About confounders and effect modifiers

  • When hypothesizing whether a variable a confounder or effect modifier

    • Make sure to back any claims in your final report with sources

    • We can speculate what’s at play, but we can’t actually know

    • Our own identity may bias how we perceive specific dynamics

  • Education: I saw many of us speculate that higher education may be associated with lower IAT (as a potential confounder)

    • Data showed the opposite: higher education, higher mean IAT score

    • We can think about people’s perception of controllability of weight: do people assume certain behaviors about fat people?

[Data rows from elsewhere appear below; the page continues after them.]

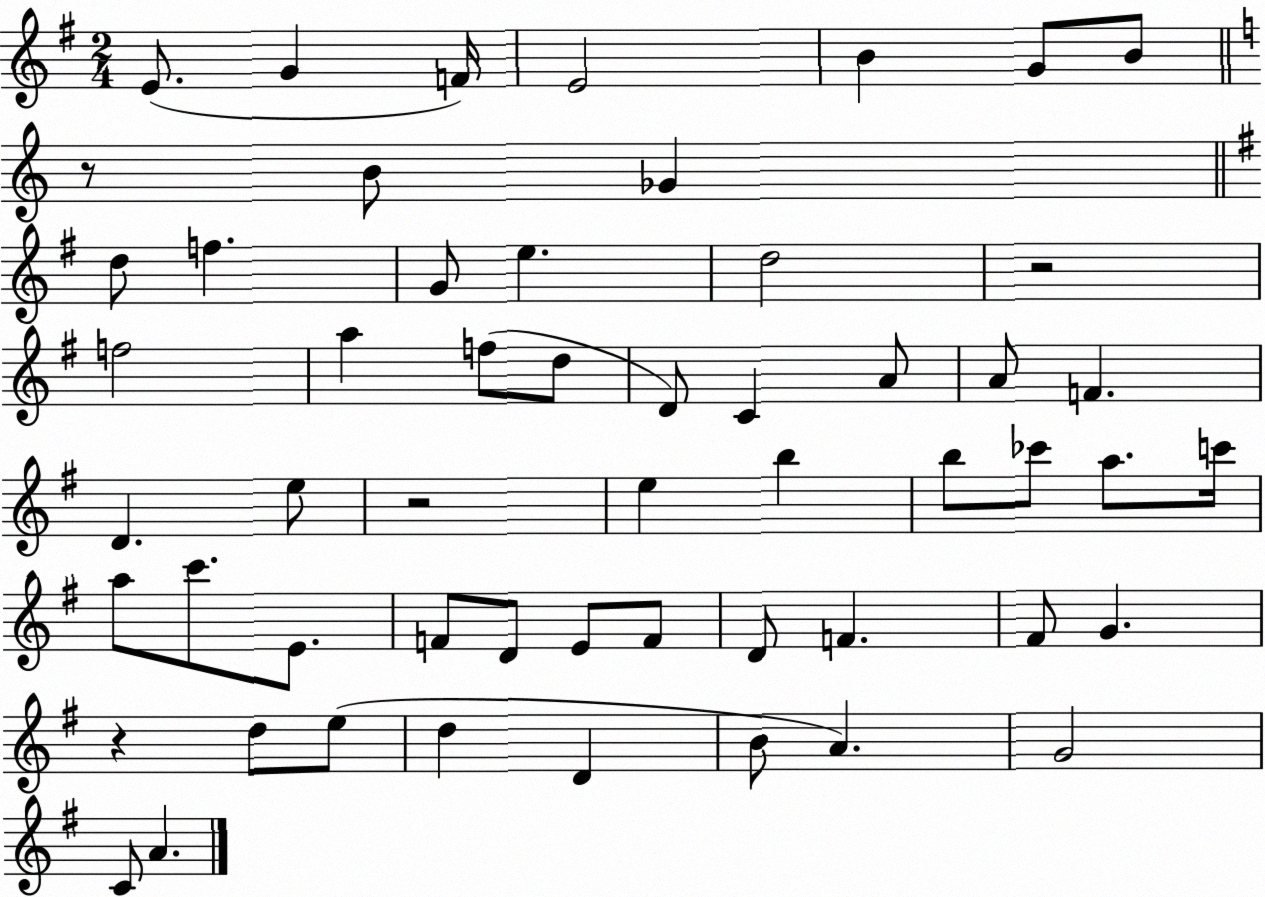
X:1
T:Untitled
M:2/4
L:1/4
K:G
E/2 G F/4 E2 B G/2 B/2 z/2 B/2 _G d/2 f G/2 e d2 z2 f2 a f/2 d/2 D/2 C A/2 A/2 F D e/2 z2 e b b/2 _c'/2 a/2 c'/4 a/2 c'/2 E/2 F/2 D/2 E/2 F/2 D/2 F ^F/2 G z d/2 e/2 d D B/2 A G2 C/2 A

      • Does that align with or go against people’s assumptions about behavior needed for higher education?

      • We also need to think about how education might be linked to socio-economic status, and how that might change what food is affordable

    • Heavily discussed in Maintenance Phase podcast, but I don’t have direct sources

Potential effect modifier from plots

Notes on plotting

  • scale_x_discrete(labels = function(x) str_wrap(x, width = 10)): use this to wrap the text on x-axis

    • Student used this and I loved it!
  • Keep your explanatory variable on the x-axis when you are plottinf three variables at once

  • hjust and vjust will move your text on the x axis so it does not cover your plot

  • Plotting age vs. IAT

    • geom_smooth() to show moving mean value

    • Boxplots and plotting each mean not exactly right for continuous variables

    • See Lab 4 for how I plot this!

  • In geom_smooth(), when to use method = lm

    • Do not use if trying to see how data look

As we go into Lab 4 and Project Report

  • If IAT score ranges from -2 to 2, what changes in mean IAT is a lot?

    • 0.05: about 1.25% change
    • 0.5: about 12.5% change
  • A lot of the coefficients may be significant, but are they clinically meaningful?